Fires were responsible for almost one-quarter of burned biomass each year on average in tropical regions across the world, according to new research, affecting 1.4% of the total tropical dry forest (TDF) area globally. Researchers examined the Global Fire Emissions Database, which is part-funded by Nasa, alongside other metrics. They found that fires are a key driver of disturbance and biodiversity loss in the TDF. The study findings also showed variations in fire severity due to the influence of El Niño and La Niña weather patterns.
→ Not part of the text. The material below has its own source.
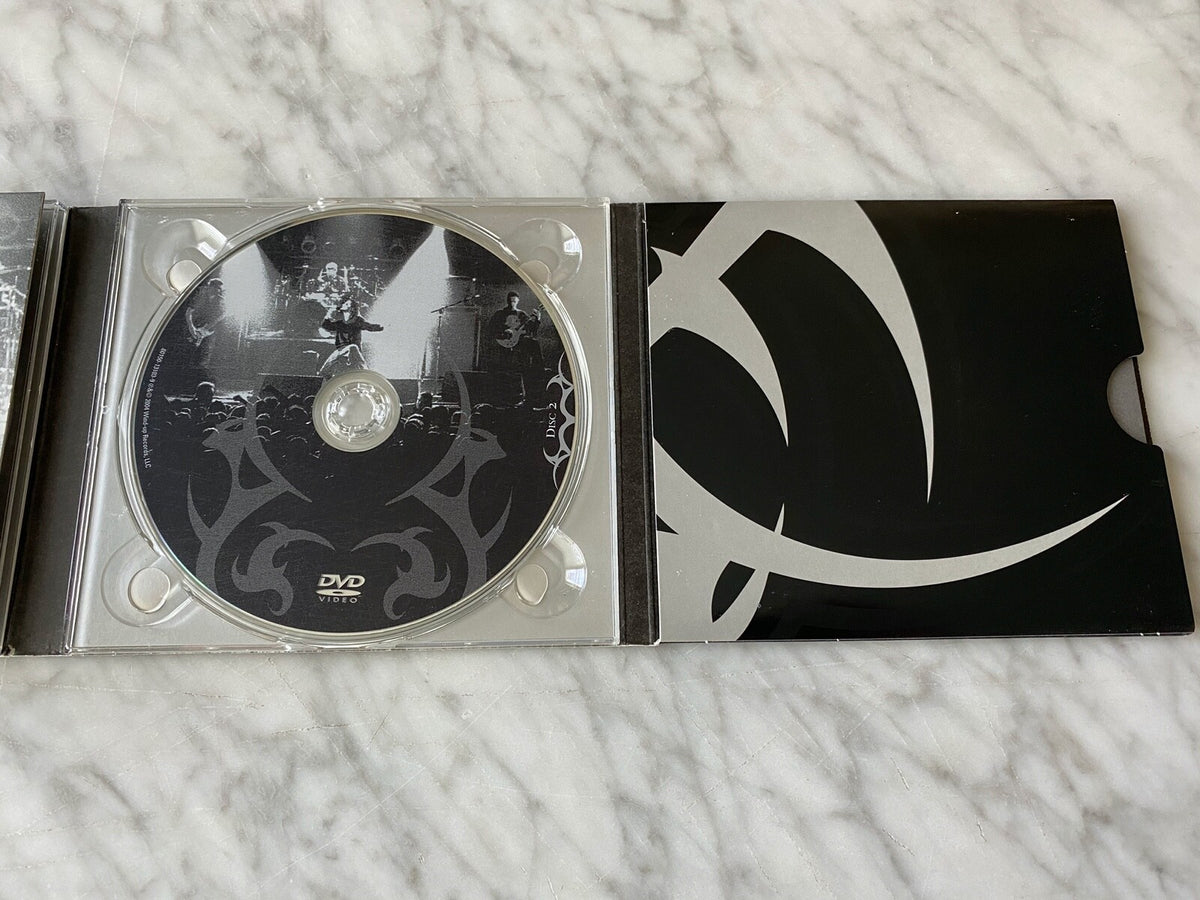 Creed – Greatest Hits (Digipak, CD/DVD) (2004) [ORIGINAL USA PRESS]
The researchers concluded that the degree of TDF degradation brought on by fires is “serious” and will worsen unless “effective protective and remedial actions are done”. 

High-yield dairy cattle breeds improve farmer incomes, curtail greenhouse gas emissions and reduce dairy import dependency in Tanzania
Nature Food

A new study found that large-scale adoption of a high-yield dairy cow variety in Tanzania “is essential for reducing dairy import dependency” in the country. Researchers used household survey data and a livestock model to assess how policies laid out in Tanzania’s Dairy Development Roadmap could affect the country’s dairy industry and greenhouse gas emissions. They found that switching to a higher-yield breed of cattle would help to avoid land-use change and thereby reduce the dairy sector’s greenhouse gas emissions, while improving income for dairy farmers. They concluded: “Our findings demonstrate the importance of bottom-up development policies for sustainable food system transformations.”